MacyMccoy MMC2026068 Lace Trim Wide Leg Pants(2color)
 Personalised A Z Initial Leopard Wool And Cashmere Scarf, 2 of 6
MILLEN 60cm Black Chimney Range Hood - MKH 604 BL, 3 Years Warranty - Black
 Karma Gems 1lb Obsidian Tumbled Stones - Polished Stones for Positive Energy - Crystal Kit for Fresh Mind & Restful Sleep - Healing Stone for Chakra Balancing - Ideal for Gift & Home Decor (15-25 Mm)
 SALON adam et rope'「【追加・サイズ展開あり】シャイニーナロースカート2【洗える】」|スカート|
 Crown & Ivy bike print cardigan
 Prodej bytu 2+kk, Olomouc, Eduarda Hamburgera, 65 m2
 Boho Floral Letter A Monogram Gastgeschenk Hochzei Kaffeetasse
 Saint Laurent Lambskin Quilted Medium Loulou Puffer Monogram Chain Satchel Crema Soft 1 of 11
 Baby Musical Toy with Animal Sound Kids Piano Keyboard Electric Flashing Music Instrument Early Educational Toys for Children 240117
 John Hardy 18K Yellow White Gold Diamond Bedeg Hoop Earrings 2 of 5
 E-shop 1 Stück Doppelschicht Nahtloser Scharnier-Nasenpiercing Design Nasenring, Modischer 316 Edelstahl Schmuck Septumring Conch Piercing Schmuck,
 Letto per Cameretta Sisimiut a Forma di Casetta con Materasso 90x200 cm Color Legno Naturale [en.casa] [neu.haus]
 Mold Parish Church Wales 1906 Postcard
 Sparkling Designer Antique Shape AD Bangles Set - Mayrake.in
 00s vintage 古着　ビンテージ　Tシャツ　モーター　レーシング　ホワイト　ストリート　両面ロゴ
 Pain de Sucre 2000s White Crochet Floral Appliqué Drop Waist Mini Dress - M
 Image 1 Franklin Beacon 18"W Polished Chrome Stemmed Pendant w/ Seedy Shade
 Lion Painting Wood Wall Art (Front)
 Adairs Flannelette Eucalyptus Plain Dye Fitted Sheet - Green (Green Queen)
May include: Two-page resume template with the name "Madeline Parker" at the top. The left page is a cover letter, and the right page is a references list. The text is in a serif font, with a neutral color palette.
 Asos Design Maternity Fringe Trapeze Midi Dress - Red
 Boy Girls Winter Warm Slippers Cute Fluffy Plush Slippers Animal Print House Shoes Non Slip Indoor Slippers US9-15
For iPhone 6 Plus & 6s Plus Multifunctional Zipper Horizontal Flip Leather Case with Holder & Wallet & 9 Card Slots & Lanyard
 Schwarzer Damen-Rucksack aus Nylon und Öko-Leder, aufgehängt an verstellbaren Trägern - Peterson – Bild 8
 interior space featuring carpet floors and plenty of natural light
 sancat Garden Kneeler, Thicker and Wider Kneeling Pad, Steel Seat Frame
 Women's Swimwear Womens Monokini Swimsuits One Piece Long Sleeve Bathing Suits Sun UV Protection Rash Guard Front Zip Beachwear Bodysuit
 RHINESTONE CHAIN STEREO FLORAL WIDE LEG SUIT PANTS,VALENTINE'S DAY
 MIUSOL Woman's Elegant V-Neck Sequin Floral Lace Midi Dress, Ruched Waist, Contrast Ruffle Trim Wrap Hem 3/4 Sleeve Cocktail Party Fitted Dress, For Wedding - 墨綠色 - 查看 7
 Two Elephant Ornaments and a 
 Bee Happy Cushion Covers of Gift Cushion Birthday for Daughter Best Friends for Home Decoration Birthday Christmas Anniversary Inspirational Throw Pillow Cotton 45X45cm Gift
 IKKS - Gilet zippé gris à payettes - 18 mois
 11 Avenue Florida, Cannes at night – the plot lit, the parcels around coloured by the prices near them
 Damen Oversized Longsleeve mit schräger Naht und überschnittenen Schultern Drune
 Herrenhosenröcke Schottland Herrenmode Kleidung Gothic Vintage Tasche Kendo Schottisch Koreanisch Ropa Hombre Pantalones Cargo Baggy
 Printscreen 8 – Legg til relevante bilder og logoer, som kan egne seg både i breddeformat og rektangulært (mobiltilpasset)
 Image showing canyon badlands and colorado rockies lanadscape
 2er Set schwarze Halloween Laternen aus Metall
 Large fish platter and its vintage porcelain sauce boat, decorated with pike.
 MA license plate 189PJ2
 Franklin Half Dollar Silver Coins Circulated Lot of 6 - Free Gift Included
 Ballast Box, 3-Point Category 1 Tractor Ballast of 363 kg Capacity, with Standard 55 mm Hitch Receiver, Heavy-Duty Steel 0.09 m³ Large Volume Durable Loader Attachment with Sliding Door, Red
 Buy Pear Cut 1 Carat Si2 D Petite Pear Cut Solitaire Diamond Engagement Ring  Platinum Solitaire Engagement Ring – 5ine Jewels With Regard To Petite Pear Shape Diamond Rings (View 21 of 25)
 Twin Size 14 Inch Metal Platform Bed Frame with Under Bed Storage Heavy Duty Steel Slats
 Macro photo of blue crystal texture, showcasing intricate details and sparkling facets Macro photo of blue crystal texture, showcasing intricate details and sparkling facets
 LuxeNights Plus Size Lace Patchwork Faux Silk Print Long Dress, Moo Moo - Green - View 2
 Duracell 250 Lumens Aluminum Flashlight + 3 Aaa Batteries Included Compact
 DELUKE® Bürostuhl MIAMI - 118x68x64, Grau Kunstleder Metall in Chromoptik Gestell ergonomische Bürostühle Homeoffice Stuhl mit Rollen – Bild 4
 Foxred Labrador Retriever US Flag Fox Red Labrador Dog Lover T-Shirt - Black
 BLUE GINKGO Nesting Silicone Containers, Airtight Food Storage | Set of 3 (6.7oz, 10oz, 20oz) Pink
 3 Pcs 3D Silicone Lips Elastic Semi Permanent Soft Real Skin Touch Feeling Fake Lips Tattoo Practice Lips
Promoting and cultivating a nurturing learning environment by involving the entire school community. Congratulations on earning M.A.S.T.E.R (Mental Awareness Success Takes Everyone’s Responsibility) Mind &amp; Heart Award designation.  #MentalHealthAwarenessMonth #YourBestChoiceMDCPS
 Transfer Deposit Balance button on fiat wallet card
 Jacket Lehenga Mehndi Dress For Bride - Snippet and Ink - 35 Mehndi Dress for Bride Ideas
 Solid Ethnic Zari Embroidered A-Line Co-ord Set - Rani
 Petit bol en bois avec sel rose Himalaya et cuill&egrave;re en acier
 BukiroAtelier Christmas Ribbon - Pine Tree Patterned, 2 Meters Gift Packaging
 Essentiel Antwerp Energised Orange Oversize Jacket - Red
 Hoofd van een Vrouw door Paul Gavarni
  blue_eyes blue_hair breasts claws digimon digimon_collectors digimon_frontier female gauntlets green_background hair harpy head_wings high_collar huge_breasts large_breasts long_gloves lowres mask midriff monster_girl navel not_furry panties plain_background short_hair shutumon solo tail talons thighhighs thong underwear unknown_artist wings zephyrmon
★ ★ ★ ★
* _Exercise objective_
Output the line that contains "Hoofd van een Vrouw door Paul Gavarni", followed by every later line in the listing, with no line omitted and none added.

* _Completed exercise_
 Hoofd van een Vrouw door Paul Gavarni
  blue_eyes blue_hair breasts claws digimon digimon_collectors digimon_frontier female gauntlets green_background hair harpy head_wings high_collar huge_breasts large_breasts long_gloves lowres mask midriff monster_girl navel not_furry panties plain_background short_hair shutumon solo tail talons thighhighs thong underwear unknown_artist wings zephyrmon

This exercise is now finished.